Barca Blaugranes (blog)
The discourse surrounding the literature provides a beautiful context in which productive disagreement is able to take place. The first book with which I’d like to start is one that’s fairly common. Jonathan Wilson’s "Inverting the Pyramid" walks readers through the progression of tactics within the world of football and describes the societal surroundings in which they took place. Tactics within soccer didn’t just develop through battles on the pitch (though that is largely a driving force). They developed in ways that allowed individual cultures to keep their identities while remaining competitive.
The book starts in England in the 19th century, and quickly progresses through the stylistic disagreements between the Scottish and English over the importance of individual talent and possession.
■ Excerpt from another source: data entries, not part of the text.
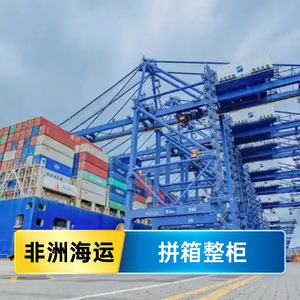 Ruixiang Africa Line Sea And Air Freight Door To Door <b>Logistics</b> <b>Service</b> For Nigeria Africa - Product Image 2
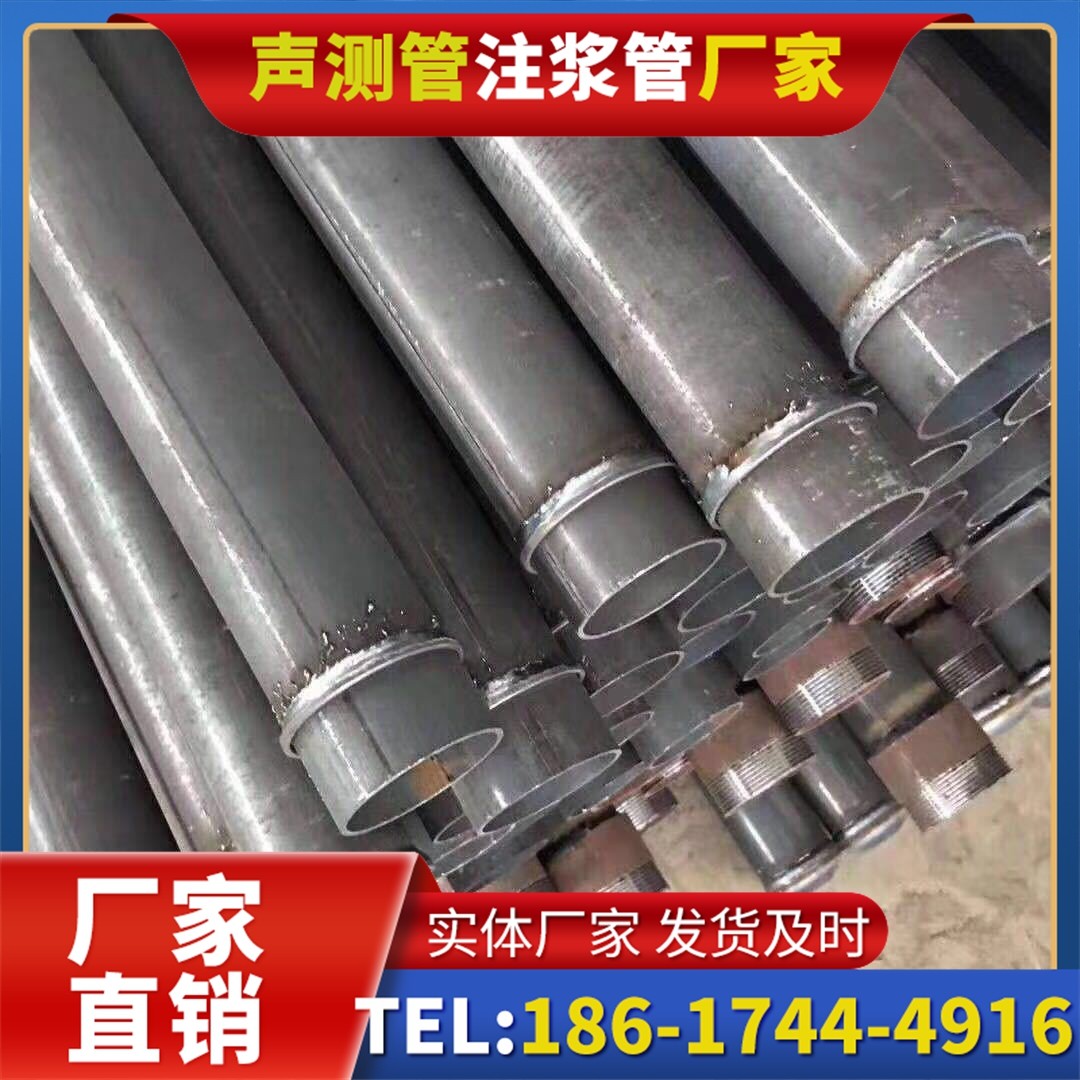 乡城桩基声测管施工中的测量控制技术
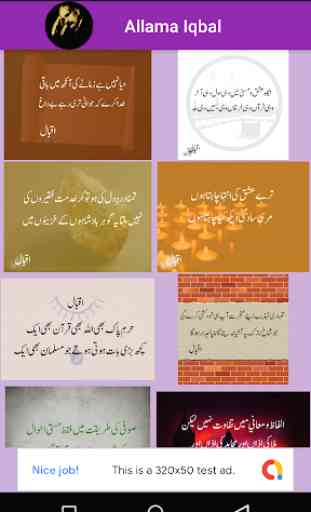 Allama Iqbal Poetry 3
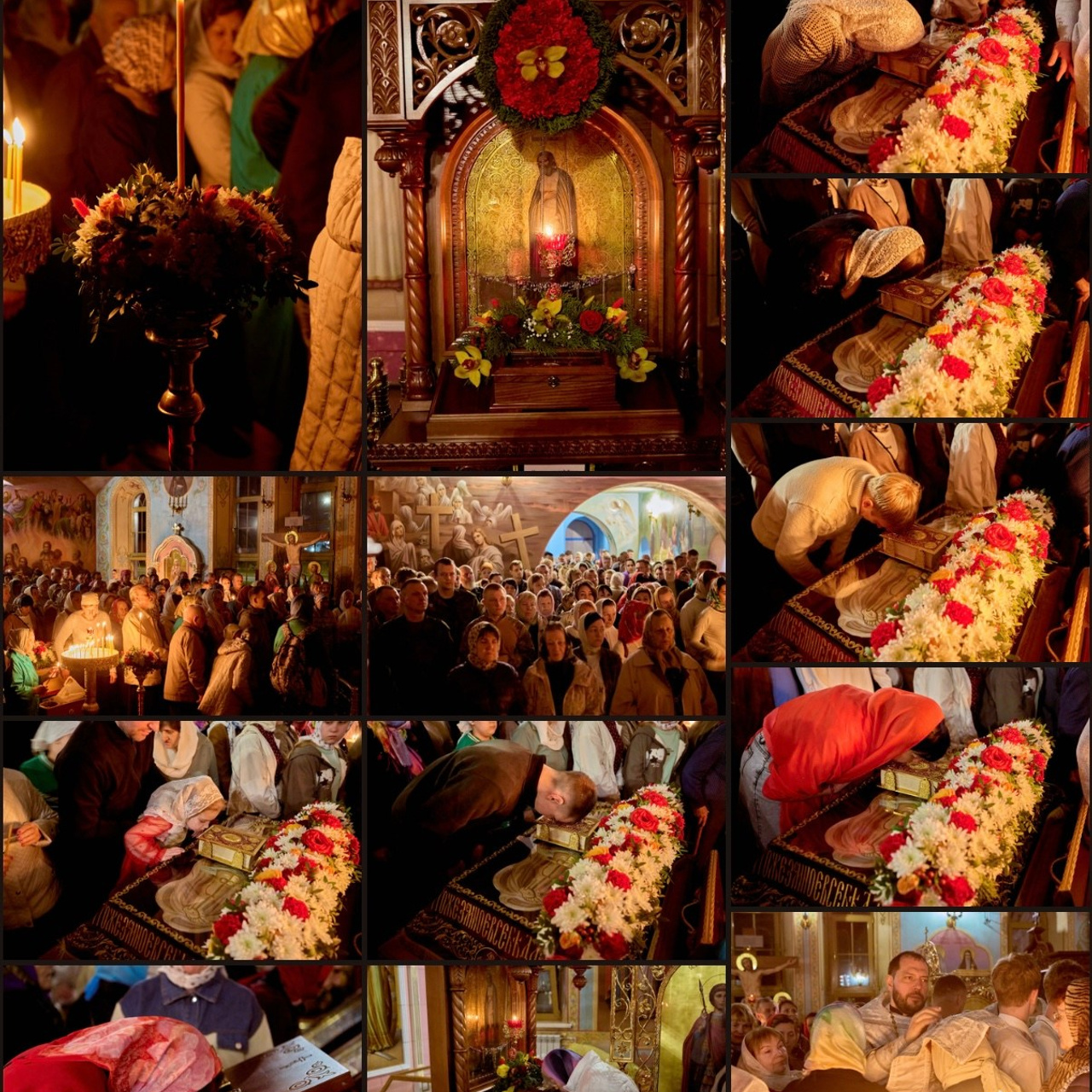 Книга Отзывов Православного фотографа Николая Голованова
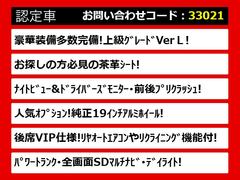 쥯̣Ź͵Υ쥯̣Ӥꡪּ°åդзޤݤ̵ξǤμξӤǤޤ졼ɤħʤɡͳˤ 2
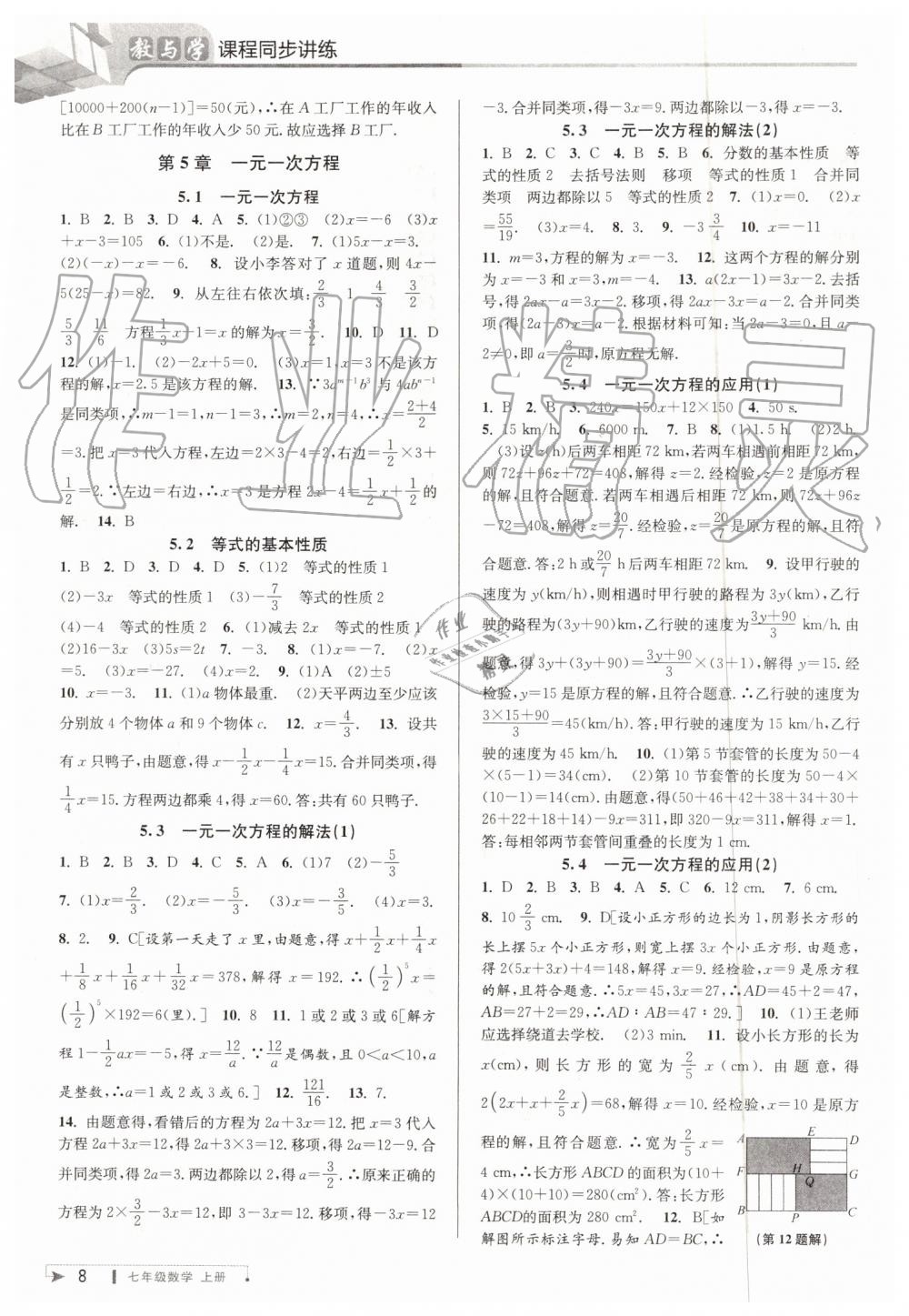 2019年教与学课程同步讲练七年级数学上册浙教版 第8页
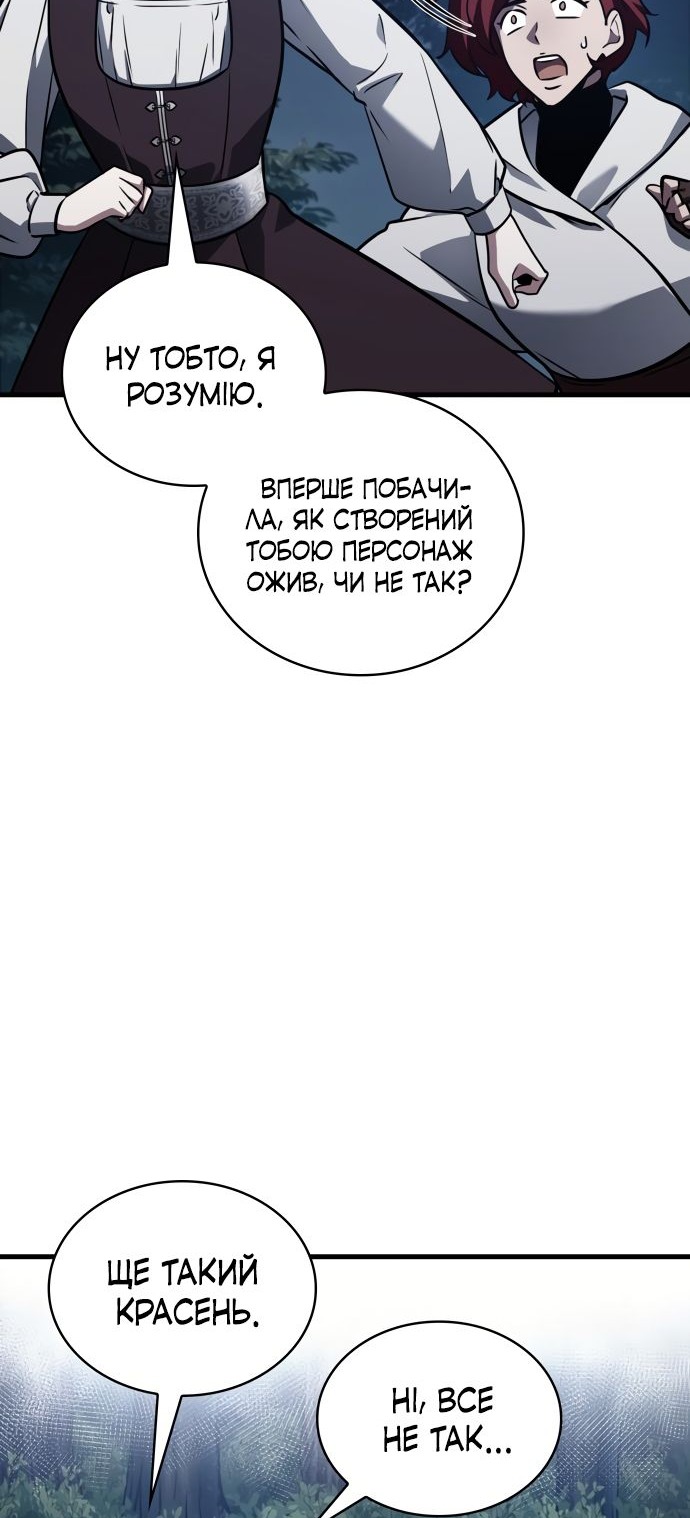 Сторінка 34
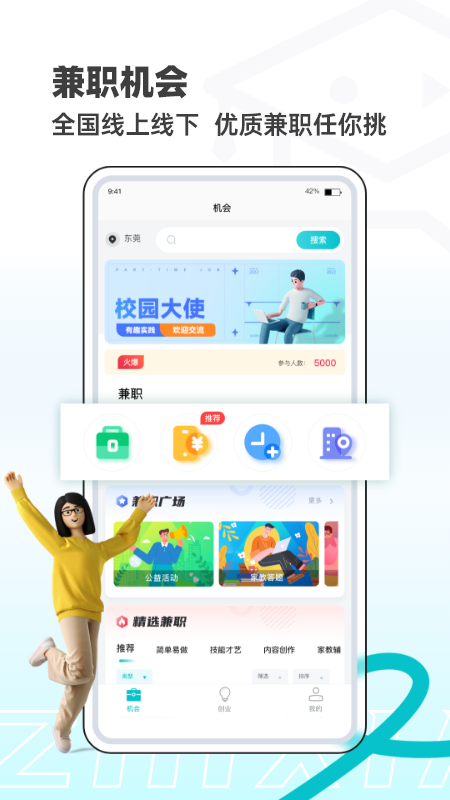 职小子安卓版1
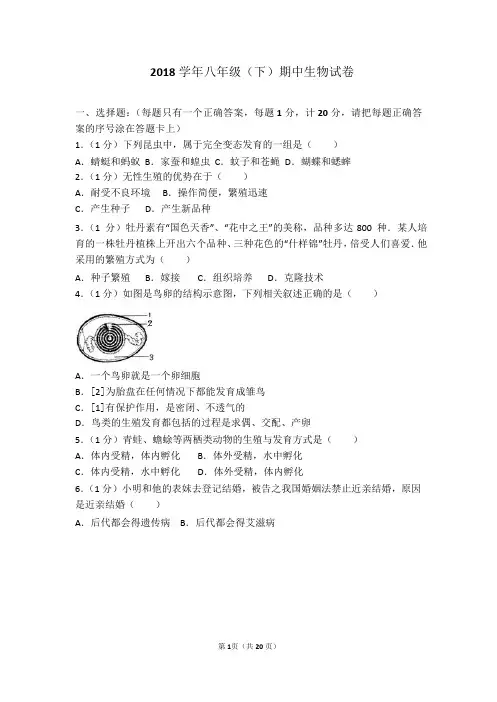 2018学年八年级(下)期中生物试卷 带答案 (3)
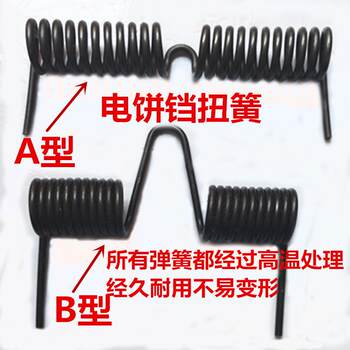 Electric baking pan double torsion spring commercial pancake oven special spring electric oven accessories upper cover spring large torsion spring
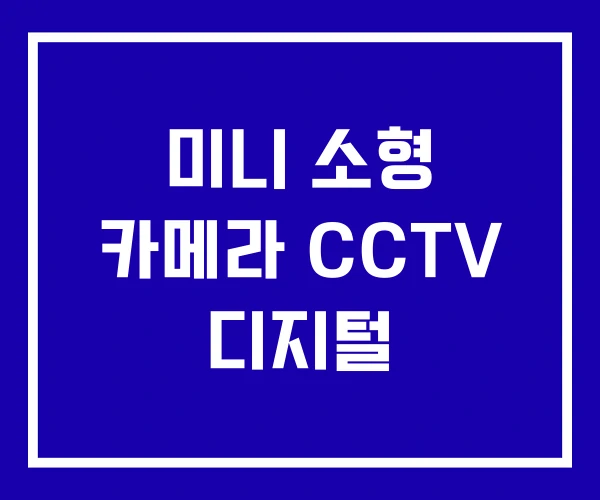 미니 소형 카메라 CCTV 디지털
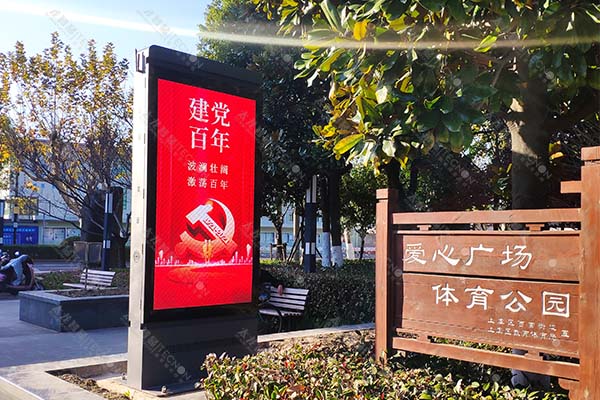 LED廣告機 戶外LED廣告機.jpg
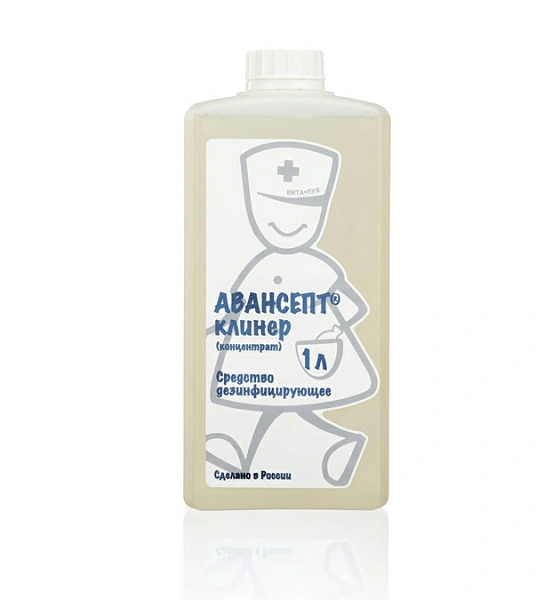 Купить Авансепт Клинер 1 л. ЧЗ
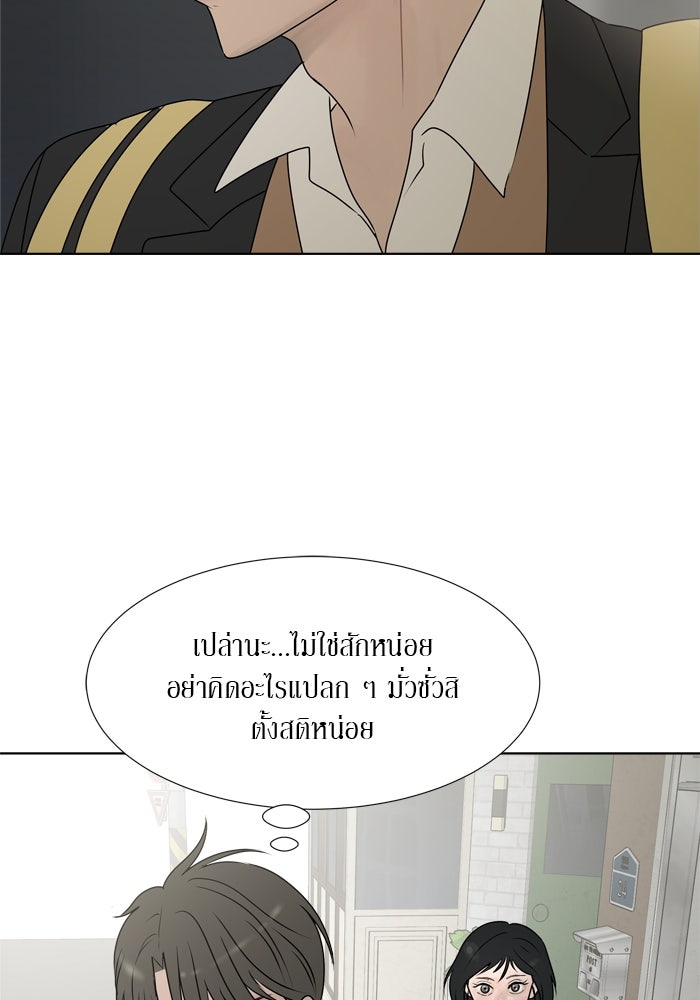 รักคนละชั้น - หน้า 7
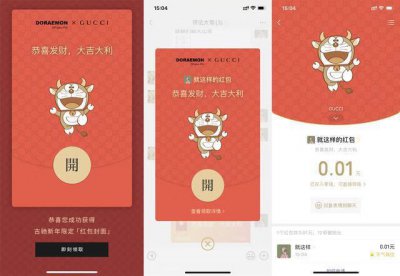 ​GUCCI的隐藏红包封面怎么领取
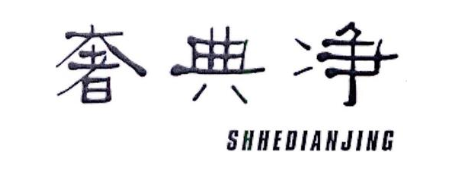 奢典净 SHHEDIANJING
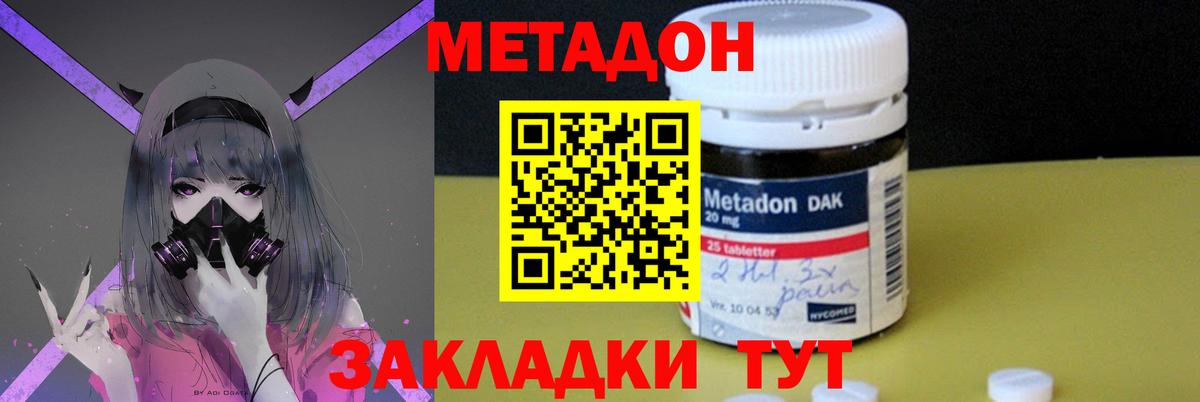 МЕТАДОН мёд Ульяновск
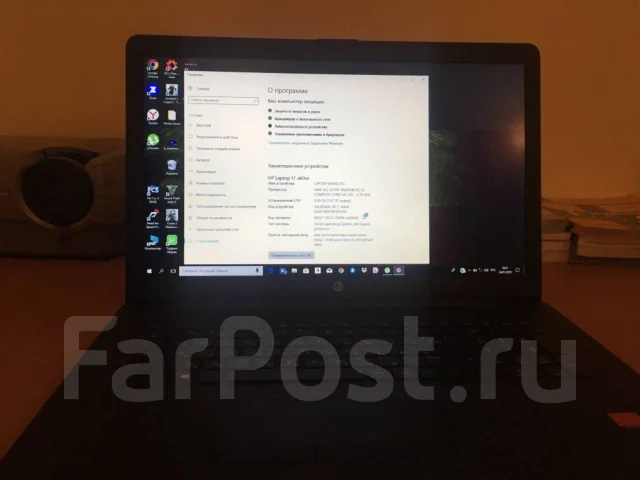 HP 17. 17.3", ��� 4 ��, ���� 1 024���, WiFi: 1, Bluetooth: 1, ����������� �� 8��. ����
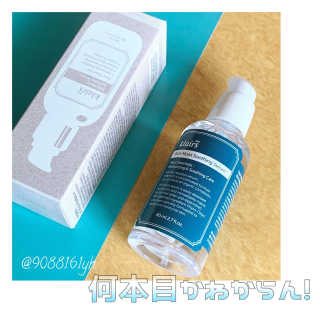 9088161yh님이 올린 리뷰 사진 3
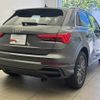 audi q3 2024 CFJ1555615 image 3
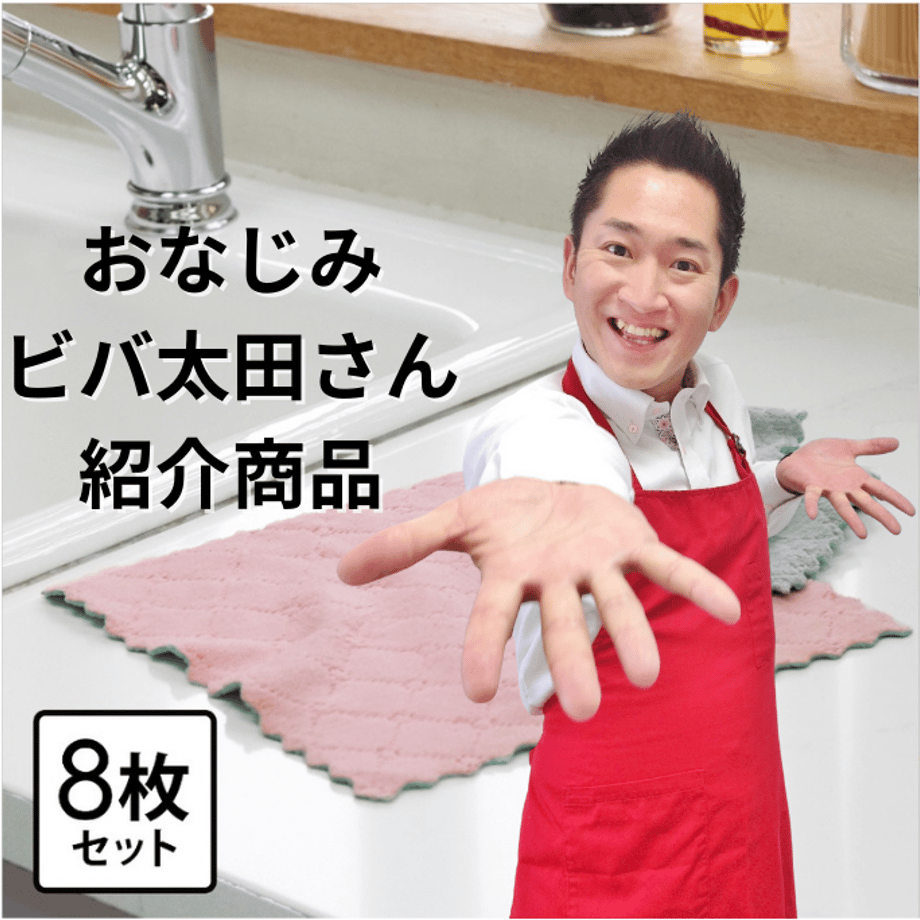 64005d8e39da5f31fd266b40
From there, it follows a simple path to Central Europe... He describes why tactics blossomed in central Europe in the 1920s and 1930s, why Italy plays a very physical and defensive style, and how Total Football completely reshaped FC Barcelona.
Overall, I really enjoyed the book. It moves along very quickly, but it also does a fantastic job of developing a deep understanding of the game. It combines the intellectual side of the sport with the entertainment side, and helps give the reader a better insight into why some teams are better than others – even when the talent isn’t equal. The book isn’t perfect, by any means, and there are certainly pieces of literature that delve deeper into the tactical side of the sport, but this book is an incredibly valuable piece – regardless of where you are in your knowledge of the tactical game. Given the information, the entertainment, and overall quality of the writing itself, I have to give the book four stars out of five.